__Task to complete__. When you copy from the entries that follow, take only the lines from the one with "3d牌坊牌楼建筑免抠元素" down to the one with "A Barxela (Ponteareas)", keeping both ends and dropping every picture.

__Raw data__.
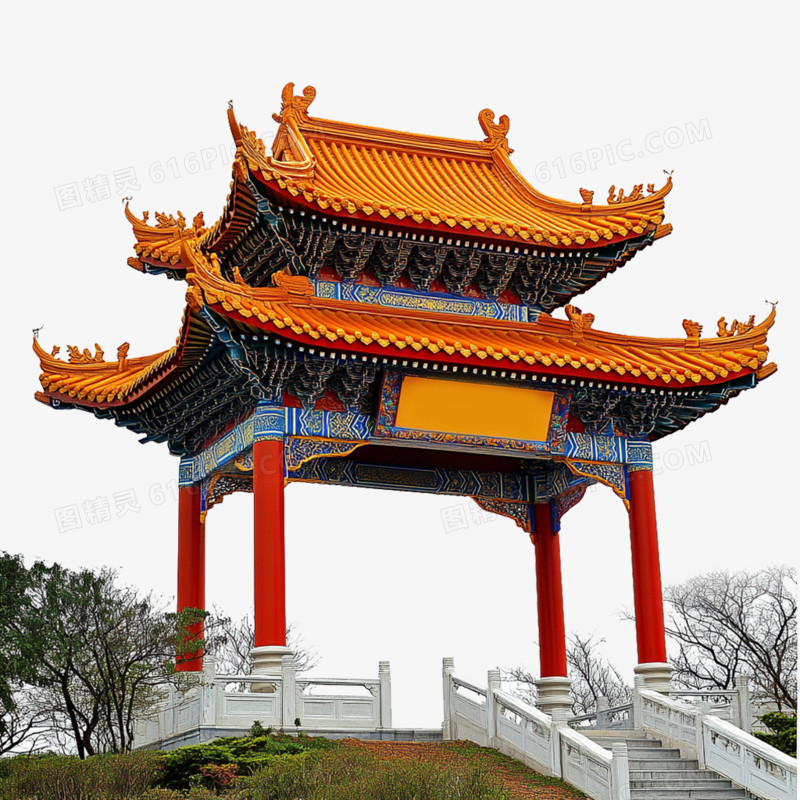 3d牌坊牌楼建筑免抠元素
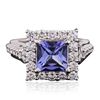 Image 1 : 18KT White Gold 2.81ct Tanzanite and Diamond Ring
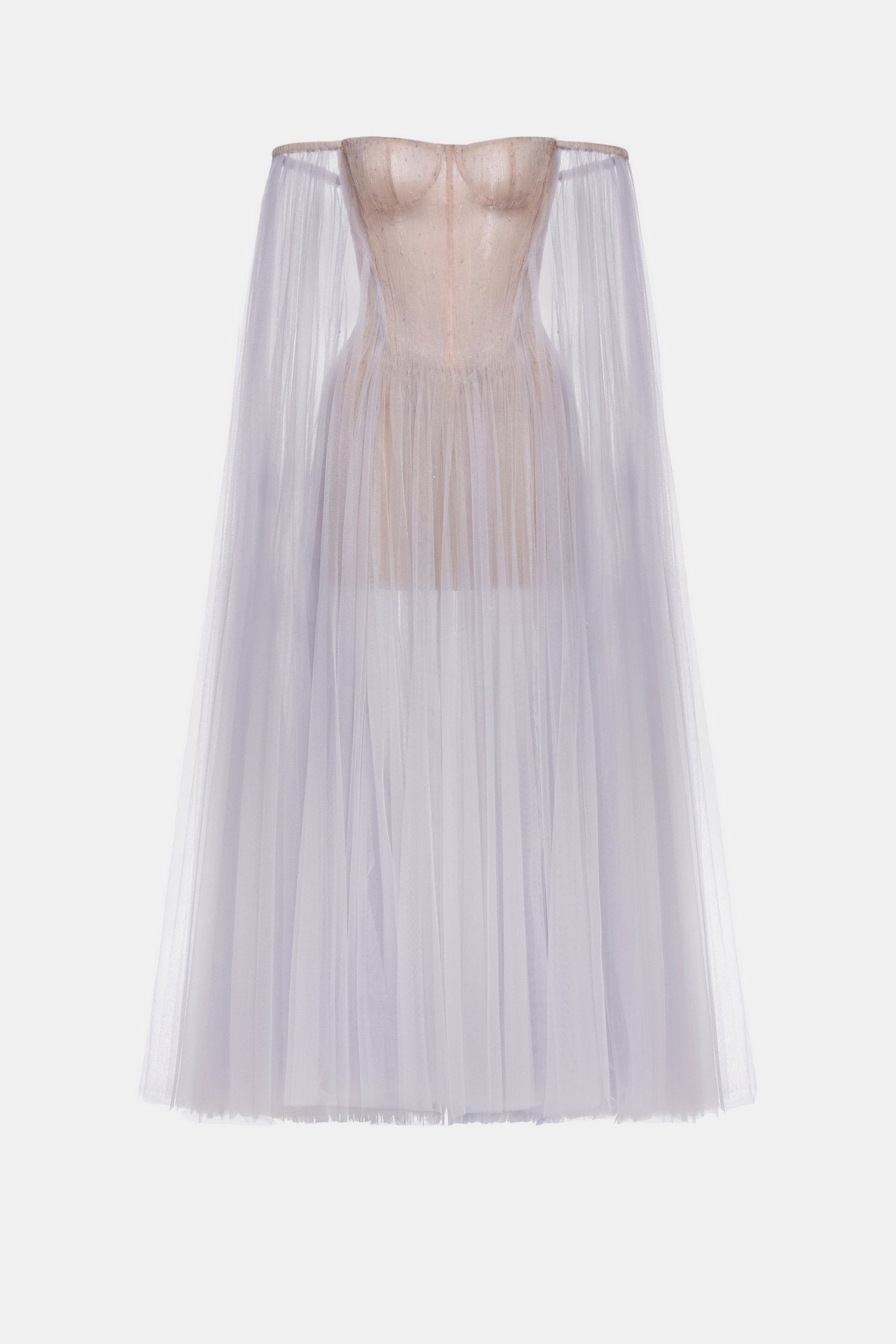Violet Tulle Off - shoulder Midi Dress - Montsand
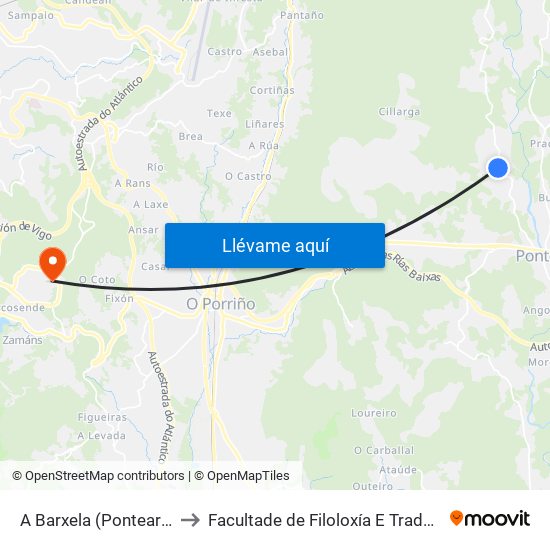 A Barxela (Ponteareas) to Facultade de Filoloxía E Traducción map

==

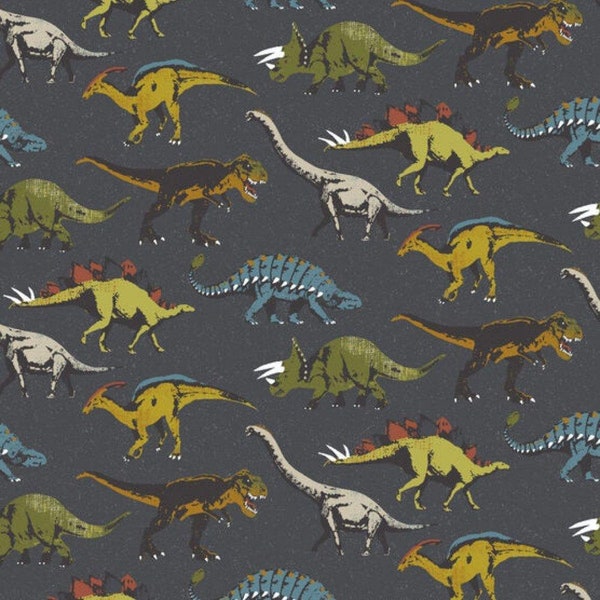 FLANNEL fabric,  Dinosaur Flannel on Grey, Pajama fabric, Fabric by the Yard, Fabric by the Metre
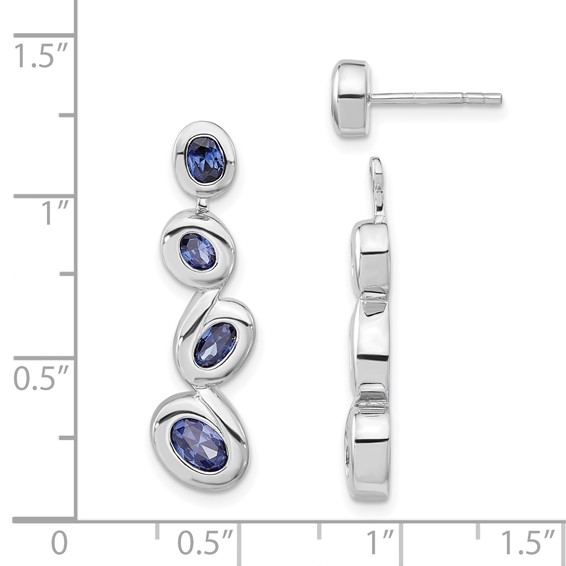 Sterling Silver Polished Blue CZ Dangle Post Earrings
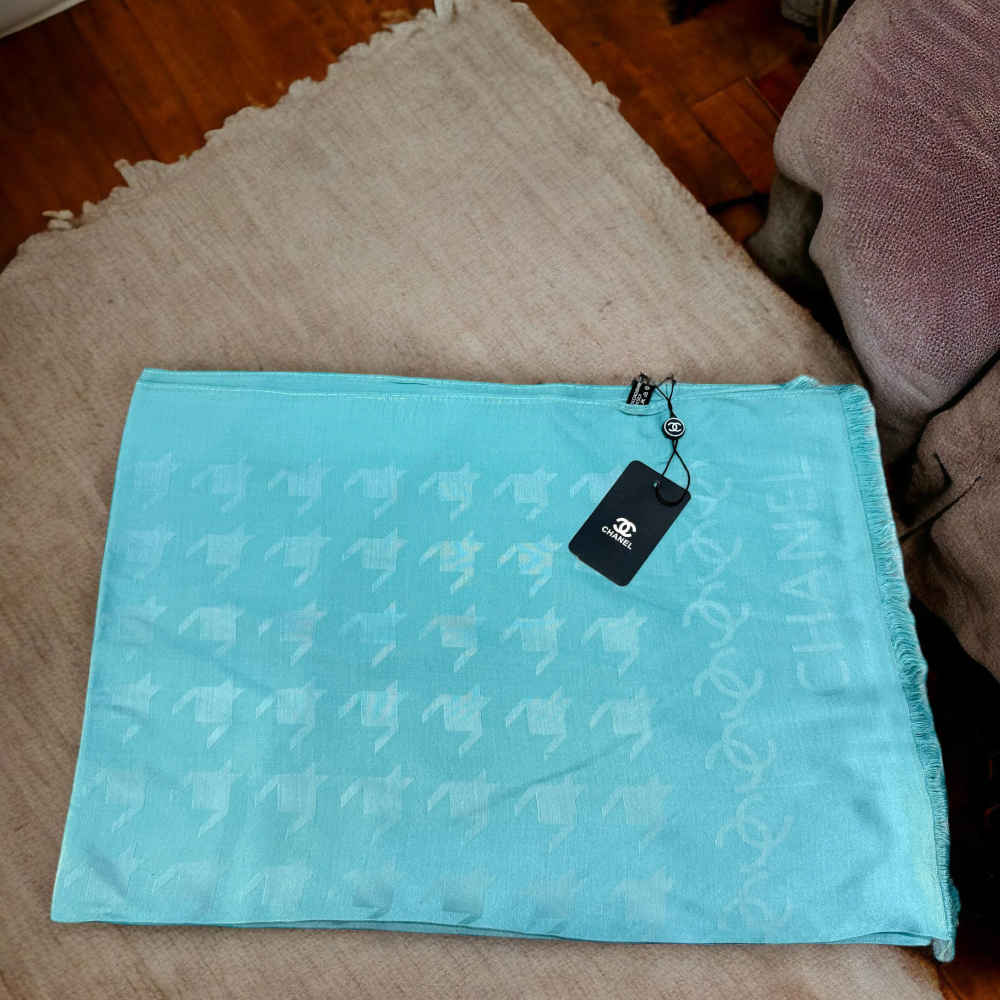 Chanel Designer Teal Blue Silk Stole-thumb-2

__Answer for the task__.
 3d牌坊牌楼建筑免抠元素
 Image 1 : 18KT White Gold 2.81ct Tanzanite and Diamond Ring
Violet Tulle Off - shoulder Midi Dress - Montsand
 A Barxela (Ponteareas) to Facultade de Filoloxía E Traducción map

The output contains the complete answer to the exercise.